[Image-caption web data]
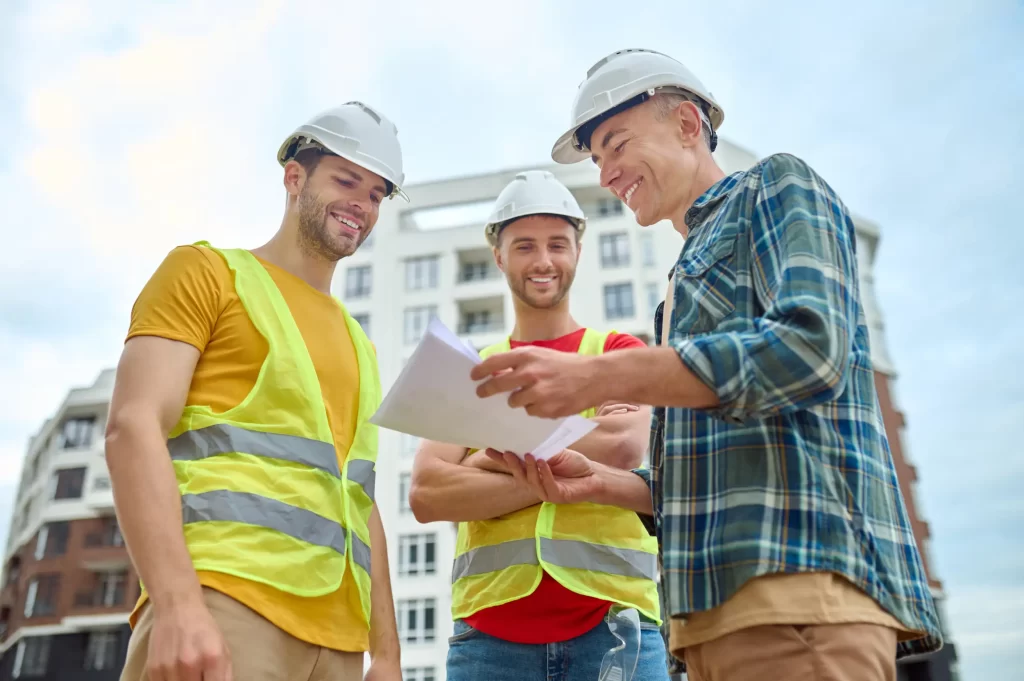 An image of 3 contractor that is smiling and discussing the blueprint of a house.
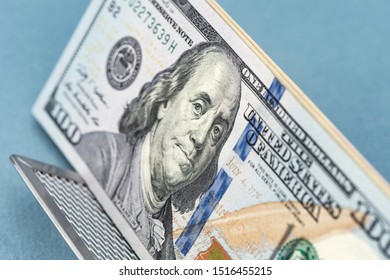 American dollars. A stack of hundred dollar bills. Close up of new hundred dollar banknote.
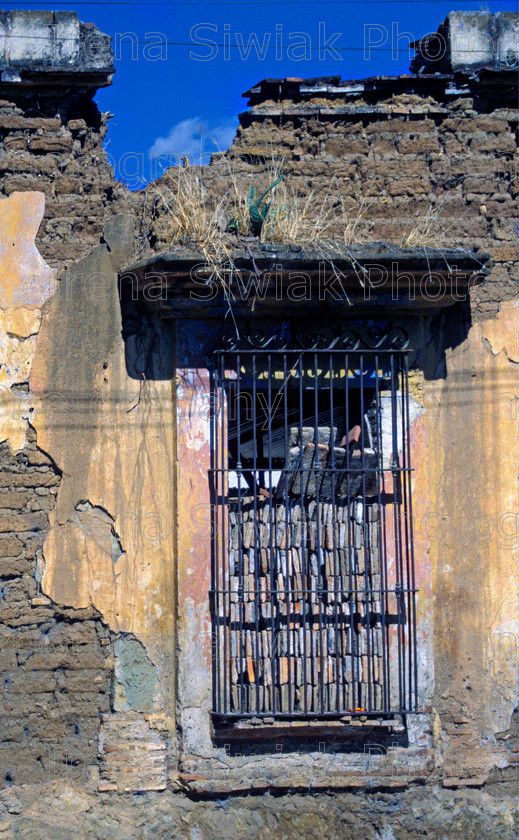 mexico 556 
 Detail of window in Mexico. 
 Keywords: mexico wall window railing derelict detail bricked bricks blue sky
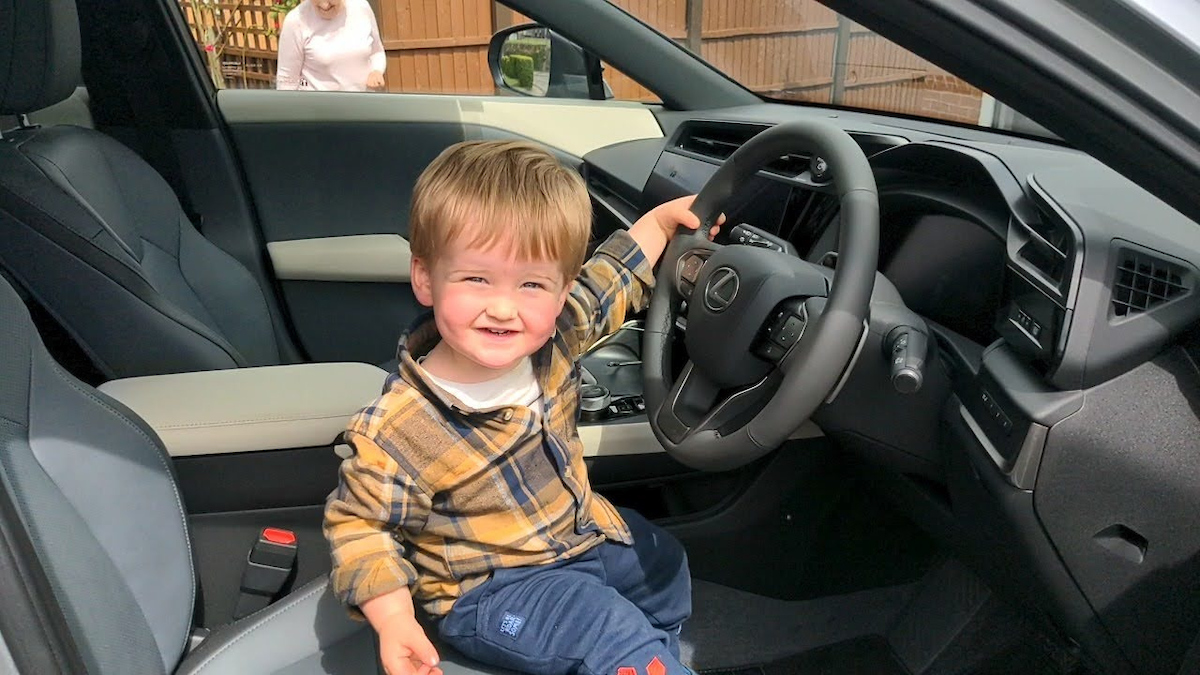 child in a Lexus RZ450e 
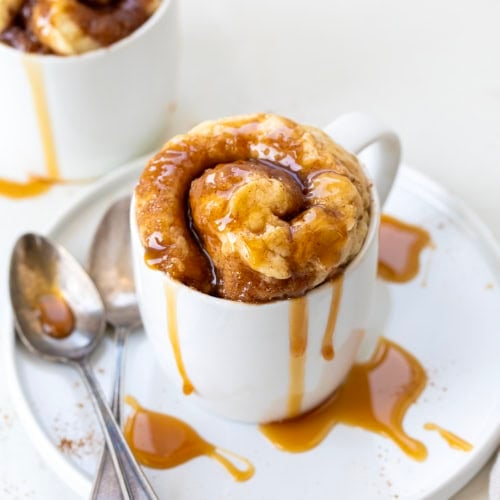 Caramel Roll Mug Cake in a white mug on a white table with spoons.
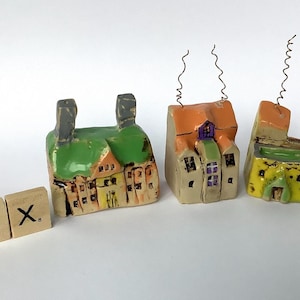 Op de afbeelding: Drie kleine keramische huisjes met groene daken en kleurrijke details. De huisjes zijn in een rij op een wit oppervlak gerangschikt. Het huisje links heeft twee schoorstenen, het middelste huisje heeft een schoorsteen met een draadspiraal, en het huisje rechts heeft een schoorsteen met een draadspiraal en een gele gevel.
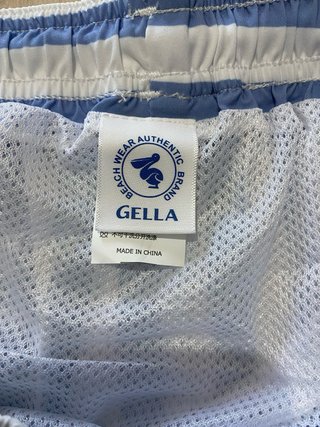 Costume a righe blu e bianche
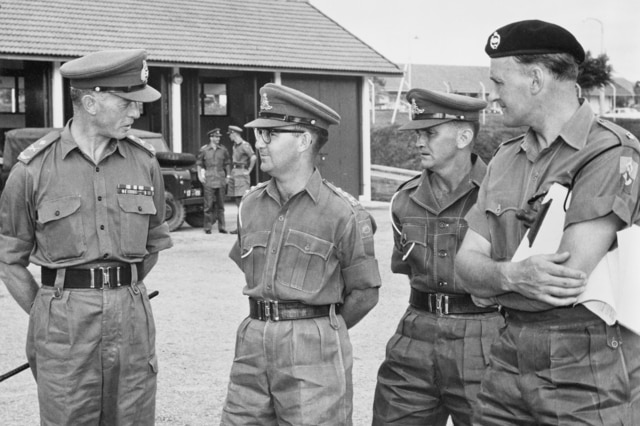 Major Peter Badcoe (second from the left) in Singapore.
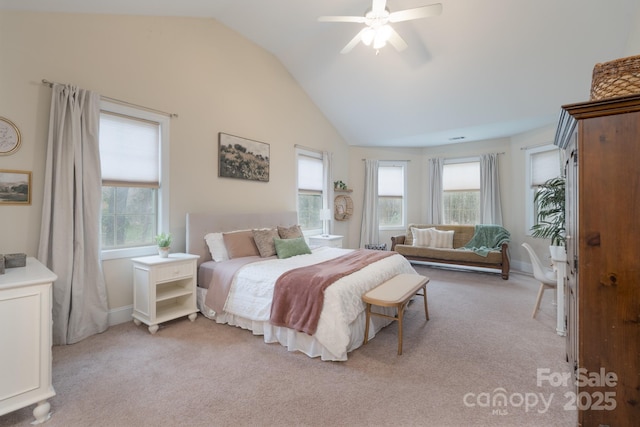 bedroom with a ceiling fan, lofted ceiling, multiple windows, and light colored carpet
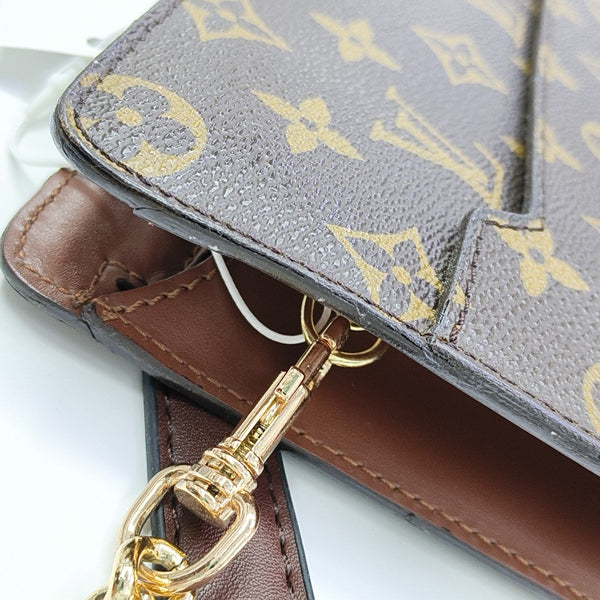 Monogram Coated Canvas Clutch Brown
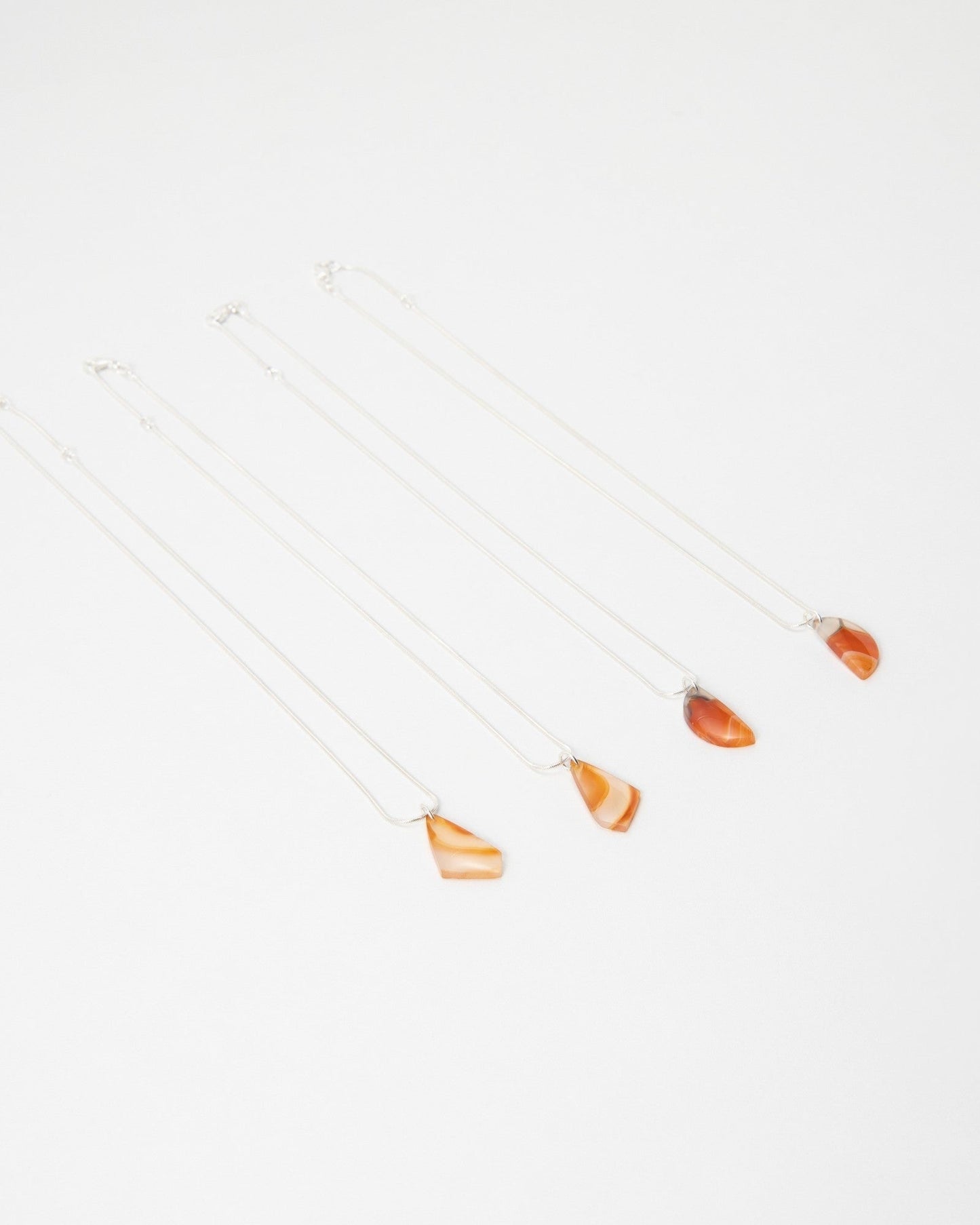 Elsita Jewelry Citrus II necklaces featuring polished orange agate stone pendants on delicate silver chains.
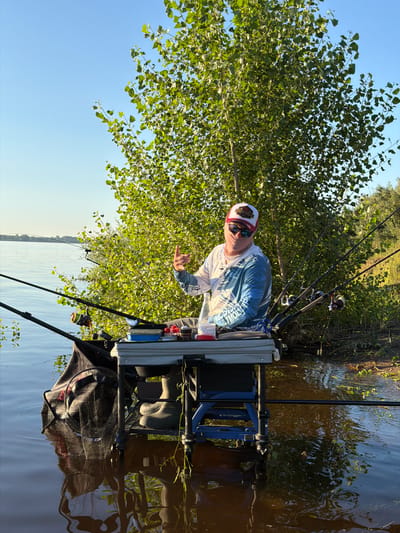 A man wearing a fishing hat, sunglasses, and a long-sleeved shirt with a blue and white pattern is fishing on a calm body of water. He is sitting behind a fishing seat with several fishing rods propped up. The man is holding up his thumb in a gesture of approval. A net bag is attached to the side of his fishing seat, and it is partially submerged in the water. The surrounding environment is lush with greenery, with a large tree providing shade. The water reflects the sky and the surrounding vegetation, creating a serene atmosphere. The location appears to be a natural setting, possibly a lake or riverbank, near Tarasovo, Russia.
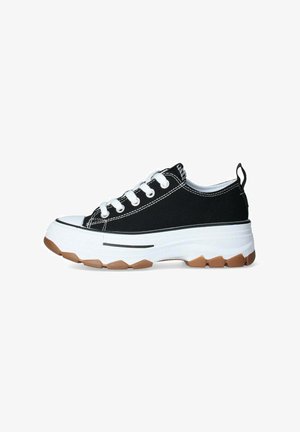 Zapatillas de lona negras con una entresuela gruesa blanca y suela de goma texturizada, con cordones blancos y detalles de costura en contraste.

▶ Your goal
Take only the lines above from the one that has "child in a Lexus RZ450e" through the one that has "Elsita Jewelry Citrus" and reproduce them exactly, omitting any pictures.

▶ Solution to this exercise
 child in a Lexus RZ450e 
 Caramel Roll Mug Cake in a white mug on a white table with spoons.
 Op de afbeelding: Drie kleine keramische huisjes met groene daken en kleurrijke details. De huisjes zijn in een rij op een wit oppervlak gerangschikt. Het huisje links heeft twee schoorstenen, het middelste huisje heeft een schoorsteen met een draadspiraal, en het huisje rechts heeft een schoorsteen met een draadspiraal en een gele gevel.
 Costume a righe blu e bianche
 Major Peter Badcoe (second from the left) in Singapore.
 bedroom with a ceiling fan, lofted ceiling, multiple windows, and light colored carpet
 Monogram Coated Canvas Clutch Brown
 Elsita Jewelry Citrus II necklaces featuring polished orange agate stone pendants on delicate silver chains.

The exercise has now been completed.